Vancomycin (INN) is a glycopeptide antibiotic used in the prophylaxis and treatment of infections caused by Gram-positive bacteria. It has traditionally been reserved as a drug of "last resort", used only after treatment with other antibiotics had failed, although the emergence of vancomycin-resistant organisms means that it is increasingly being displaced from this role by linezolid and daptomycin.
The compound was initially labelled compound 05865, but was eventually given the generic name, vancomycin (derived from the word "vanquished"). One advantage that was quickly apparent was that staphylococci did not develop significant resistance despite serial passage in culture media containing vancomycin. The rapid development of penicillin-resistance by staphylococci led to the compound being fast-tracked for approval by the FDA in 1958. Eli Lilly first marketed vancomycin hydrochloride under the trade name Vancocin.
Vancomycin never became first line treatment for Staphylococcus aureus for several reasons:
In 2004, Eli Lilly licensed Vancocin to ViroPharma in the U.S., Flynn Pharma in the UK and Aspen Pharmacare in Australia. The patent expired in the early 1980s and generic versions of the drug are also available under various trade names.
Vancomycin biosynthesis occurs via different nonribosomal protein synthases (NRPSs). The enzymes determine the amino acid sequence during its assembly through its 7 modules. Before Vancomycin is assembled through NRPS, the amino acids are first modified. L-tyrosine is modified to become the β-hydroxychlorotyrosine (β-hTyr) and 4-hydroxyphenylglycine (HPG) residues. On the other hand, acetate is used to derive the 3,5 dihydroxyphenylglycine ring (3,5-DPG).
Nonribosomal peptide synthesis occurs through distinct modules that can load and extend the protein by one amino acid through the amide bond formation at the contact sites of the activating domains.

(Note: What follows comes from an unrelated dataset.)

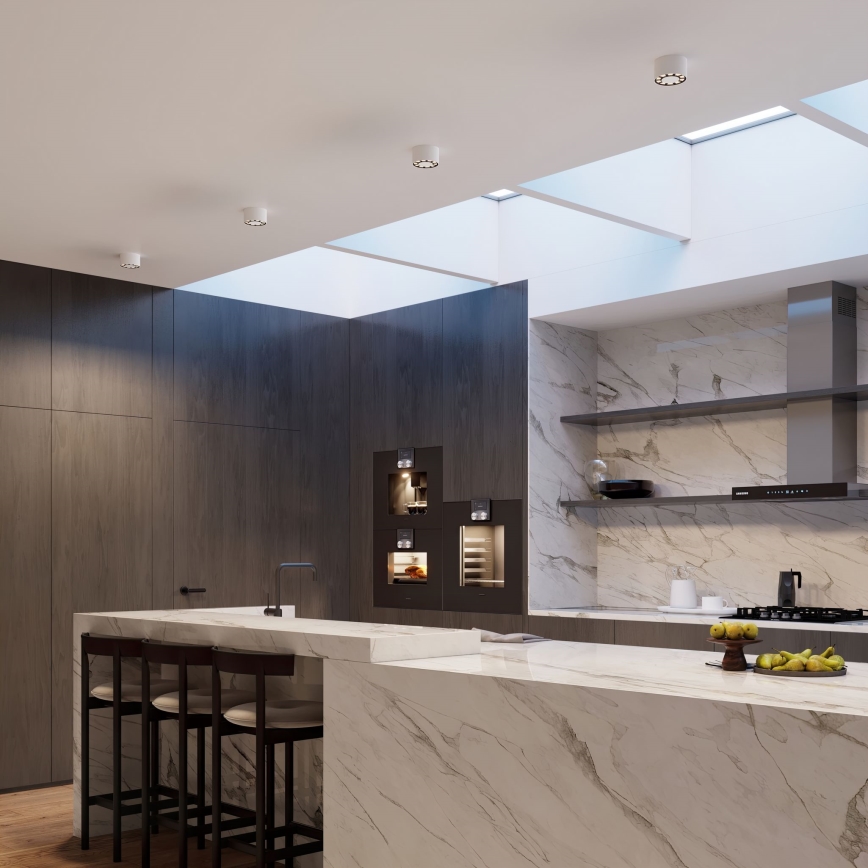 Foco LED DIO LED/10W/230V blanco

Each module typically consists of an adenylation (A) domain, a peptidyl carrier protein (PCP) domain, and a condensation (C) or elongation domain. In the A domain, the specific amino acid is activated by converting into an aminoacyl adenylate enzyme complex attached to a 4’phosphopantetheine cofactor by thioesterification The complex is then transferred to the PCP domain with the expulsion of AMP. The PCP domain uses the attached 4’-phosphopantethein prosthetic group to load the growing peptide chain and their precursors. The organization of the modules necessary to biosynthesize Vancomycin is shown in Figure 1. In the biosynthesis of Vancomycin, additional modification domains are present, such as the epimerization (E) domain, which is used isomerizes the amino acid from one stereochemistry to another, and a thioesterase domain (TE) is used as a catalyst for cyclization and releases of the molecule via a thioesterase scission.

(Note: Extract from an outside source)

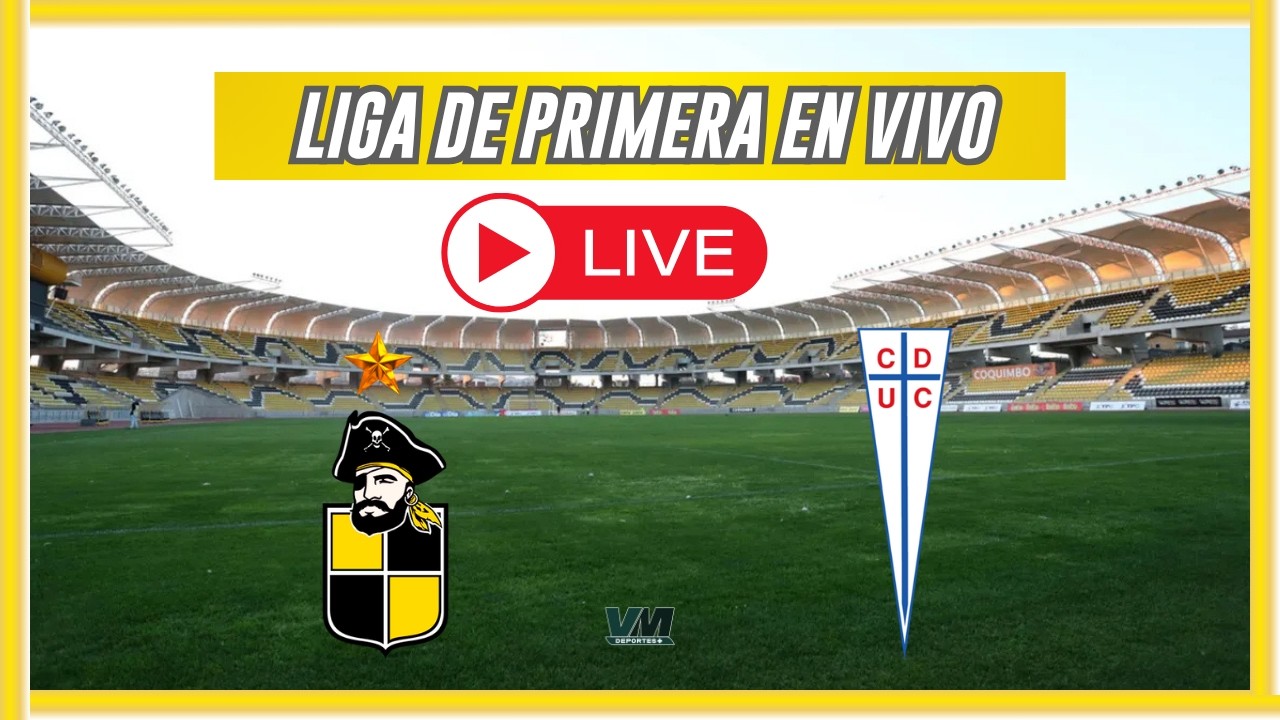 Coquimbo Unido vs Universidad Católica วิดีโอฟุตบอล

A set of multienzymes (peptide synthase CepA, CepB, and CepC) are responsible for assembling the heptapeptide. (Figure 2). The organization of CepA, CepB, and Cep C closely resembles orther peptide synthases such as those for surfactin (SrfA1, SrfA2 and SrfA3) and gramicidin (GrsA and GrsB). Each peptide synthase activates codes for various amino acids in order to activate each domain. CepA codes for modules 1, 2 and 3, CepB codes for modules 4,5,and 6, and CepC codes for module 7 codes. The three peptide synthases are located at the start of the region of the bacterial genome linked with antibiotic biosynthesis and spans 27kb.
After the linear heptapeptide molecule is synthesized, Vancomycin has to further undergo post-translational modifications, such as oxidative cross-linking and glycosylation, in trans by distinct enzymes, referred to as tailoring enzymes, in order to become biologically active (Figure 3). To convert the linear heptapeptide, eight enzymes, Open Reading Frames (ORF) 7, 8, 9, 10, 11, 14, 18, 20, and 21 are used. The enzymes ORF 7, 8,9 and 20 are P450 enzymes, ORF 10 and 18 show to nonheme haloperoxidases and ORF 9 and 14 are identified as putative hydroxylation enzymes. With the help of these enzymes, β-hydroxyl groups are introduced onto tyrosine residues 2 and 6 and coupling occurs for rings 5 and 7, rings 4 and 6, and rings 4 and 2. In addition, a haloperoxidase is used to attach the chlorine atoms onto rings 2 and 6 via an oxidative process.
Vancomycin acts by inhibiting proper cell wall synthesis in Gram-positive bacteria. The mechanism inhibited, and various factors related to entering the outer membrane of Gram-negative organisms mean that vancomycin is not active against Gram-negative bacteria (except some non-gonococcal species of Neisseria).
Specifically, vancomycin prevents incorporation of N-acetylmuramic acid (NAM)- and N-acetylglucosamine (NAG)-peptide subunits into the peptidoglycan matrix; which forms the major structural component of Gram-positive cell walls.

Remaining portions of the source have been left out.